Ollie Freaney

Personal information
- Native name: Oilibhéar o Fráire (Irish)
- Born: 1929
- Died: 1991 (aged 61–62) County Donegal

Sport
- Sport: Football
- Position: Forward

Club
- Years: Club
- St Vincents

Club titles
- Dublin titles: 13

Inter-county
- Years: County / Apps (scores)
- Dublin / 90 (23–242)

Inter-county titles
- All-Irelands: 1

= Ollie Freaney =

Irish Gaelic footballer

Oliver Freaney (1929 – 27 September 1991) was a Gaelic footballer who played for the Dublin county team.

Freaney was Ireland's top-scoring forward in 1955 and 1959. He scored a goal in the 1955 All-Ireland Senior Football Championship Final. With 23–242 (311 points), Freaney is Dublin's seventh all-time highest scorer in league and championship. He made 90 appearances for his county in league and championship.

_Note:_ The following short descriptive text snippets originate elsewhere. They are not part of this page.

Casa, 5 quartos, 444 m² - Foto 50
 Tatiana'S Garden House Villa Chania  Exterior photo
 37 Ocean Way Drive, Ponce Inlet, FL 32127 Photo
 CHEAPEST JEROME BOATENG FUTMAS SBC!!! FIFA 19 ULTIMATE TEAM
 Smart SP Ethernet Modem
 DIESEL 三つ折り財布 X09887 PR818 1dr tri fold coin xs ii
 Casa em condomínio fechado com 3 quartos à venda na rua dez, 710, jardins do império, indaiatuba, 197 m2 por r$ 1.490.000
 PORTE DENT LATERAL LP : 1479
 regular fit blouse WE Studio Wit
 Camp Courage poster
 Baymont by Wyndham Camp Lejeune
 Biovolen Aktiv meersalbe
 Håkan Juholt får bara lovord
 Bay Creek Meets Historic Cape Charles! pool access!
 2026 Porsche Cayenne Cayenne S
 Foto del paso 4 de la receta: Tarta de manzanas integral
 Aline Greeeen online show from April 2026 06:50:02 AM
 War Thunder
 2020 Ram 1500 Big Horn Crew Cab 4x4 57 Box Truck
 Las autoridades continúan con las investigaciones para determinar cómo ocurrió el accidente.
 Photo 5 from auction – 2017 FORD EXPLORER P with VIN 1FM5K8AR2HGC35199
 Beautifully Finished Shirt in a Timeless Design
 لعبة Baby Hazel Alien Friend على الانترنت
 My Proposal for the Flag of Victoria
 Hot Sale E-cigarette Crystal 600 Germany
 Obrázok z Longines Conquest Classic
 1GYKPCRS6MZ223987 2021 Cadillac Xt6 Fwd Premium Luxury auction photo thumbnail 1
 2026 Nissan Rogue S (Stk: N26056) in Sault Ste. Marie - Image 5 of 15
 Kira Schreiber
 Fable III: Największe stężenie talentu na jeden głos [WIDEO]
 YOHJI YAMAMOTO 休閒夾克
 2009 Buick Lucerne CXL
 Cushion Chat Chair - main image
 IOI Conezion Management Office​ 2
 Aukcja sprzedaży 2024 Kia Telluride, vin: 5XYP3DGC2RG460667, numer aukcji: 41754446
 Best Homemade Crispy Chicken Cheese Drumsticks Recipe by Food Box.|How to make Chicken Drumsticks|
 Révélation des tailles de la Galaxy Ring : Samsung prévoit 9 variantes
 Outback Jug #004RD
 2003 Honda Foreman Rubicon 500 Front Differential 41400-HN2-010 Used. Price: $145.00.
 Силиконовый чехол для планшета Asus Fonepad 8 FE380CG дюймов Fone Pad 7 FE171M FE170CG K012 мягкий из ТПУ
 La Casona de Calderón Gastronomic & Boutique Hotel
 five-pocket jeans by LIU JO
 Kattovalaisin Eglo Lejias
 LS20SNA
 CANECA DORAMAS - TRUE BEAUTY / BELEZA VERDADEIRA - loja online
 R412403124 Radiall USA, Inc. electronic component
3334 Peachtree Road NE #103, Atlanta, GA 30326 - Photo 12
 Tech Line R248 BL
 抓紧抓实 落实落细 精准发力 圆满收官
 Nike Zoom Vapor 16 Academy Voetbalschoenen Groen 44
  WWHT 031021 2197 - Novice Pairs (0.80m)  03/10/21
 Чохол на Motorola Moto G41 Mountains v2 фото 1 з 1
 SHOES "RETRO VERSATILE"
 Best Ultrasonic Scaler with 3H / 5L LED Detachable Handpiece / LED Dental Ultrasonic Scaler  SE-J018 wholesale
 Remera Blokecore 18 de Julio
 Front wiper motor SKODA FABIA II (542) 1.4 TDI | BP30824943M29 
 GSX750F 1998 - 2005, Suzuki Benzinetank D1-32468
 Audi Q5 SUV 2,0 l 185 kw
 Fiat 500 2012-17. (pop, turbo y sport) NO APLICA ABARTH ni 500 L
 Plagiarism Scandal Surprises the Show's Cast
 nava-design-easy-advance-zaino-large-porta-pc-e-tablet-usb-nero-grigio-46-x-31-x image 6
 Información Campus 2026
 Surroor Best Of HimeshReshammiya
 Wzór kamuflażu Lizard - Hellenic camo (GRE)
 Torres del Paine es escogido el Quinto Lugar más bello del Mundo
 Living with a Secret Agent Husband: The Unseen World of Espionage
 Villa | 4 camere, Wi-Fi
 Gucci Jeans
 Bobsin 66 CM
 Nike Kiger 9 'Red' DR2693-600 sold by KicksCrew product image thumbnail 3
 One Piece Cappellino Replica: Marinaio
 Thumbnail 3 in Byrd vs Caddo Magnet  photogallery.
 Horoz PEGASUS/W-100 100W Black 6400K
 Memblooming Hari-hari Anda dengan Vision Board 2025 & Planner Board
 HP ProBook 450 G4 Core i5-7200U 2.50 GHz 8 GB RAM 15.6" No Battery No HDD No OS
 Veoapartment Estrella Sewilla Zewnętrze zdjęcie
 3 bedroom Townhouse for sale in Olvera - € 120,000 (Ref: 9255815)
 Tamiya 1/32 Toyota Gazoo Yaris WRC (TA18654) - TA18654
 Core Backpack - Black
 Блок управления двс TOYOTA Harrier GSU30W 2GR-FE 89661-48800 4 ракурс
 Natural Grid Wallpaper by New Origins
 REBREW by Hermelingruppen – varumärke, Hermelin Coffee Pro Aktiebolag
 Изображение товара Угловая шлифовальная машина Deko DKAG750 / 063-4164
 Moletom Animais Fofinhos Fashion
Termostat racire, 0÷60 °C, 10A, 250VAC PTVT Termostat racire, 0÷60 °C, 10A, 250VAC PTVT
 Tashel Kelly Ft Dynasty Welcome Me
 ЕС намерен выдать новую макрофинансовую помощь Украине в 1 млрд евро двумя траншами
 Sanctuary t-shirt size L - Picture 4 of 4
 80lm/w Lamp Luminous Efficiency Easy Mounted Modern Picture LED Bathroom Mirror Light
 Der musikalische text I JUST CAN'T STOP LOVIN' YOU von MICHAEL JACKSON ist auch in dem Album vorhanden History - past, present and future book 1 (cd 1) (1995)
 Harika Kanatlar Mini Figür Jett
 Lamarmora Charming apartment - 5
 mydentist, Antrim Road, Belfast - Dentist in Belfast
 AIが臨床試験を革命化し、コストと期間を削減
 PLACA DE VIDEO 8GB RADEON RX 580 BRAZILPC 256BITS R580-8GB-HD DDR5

Alongside Kevin Heffernan, Freaney pioneered Dublin's more "scientific" approach, which did not work too well when they met Kerry. Freaney won 13 Dublin Senior Football Championships with St Vincents.

Freaney owned one of the country's biggest accountancy companies. He married Kathleen Mullen from Portnablagh, County Donegal. He died while holidaying in Donegal in 1991.